*TASK REQUIREMENTS*. Print, from the listing below, the lines starting at the line containing "2017 Dodge Grand Caravan Gt - zdjęcie 8" and ending at the line containing "本を読む女性の線画 132197393", exactly as they stand, and print nothing else.

*INFORMATION PROVIDED*.

*** Block opens ***

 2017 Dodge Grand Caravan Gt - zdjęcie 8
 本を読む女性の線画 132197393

*** Block closes ***
*** Block opens ***

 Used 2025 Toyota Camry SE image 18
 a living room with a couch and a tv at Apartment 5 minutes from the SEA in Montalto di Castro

*** Block closes ***

*EXERCISE RESPONSE*.
 2017 Dodge Grand Caravan Gt - zdjęcie 8
 本を読む女性の線画 132197393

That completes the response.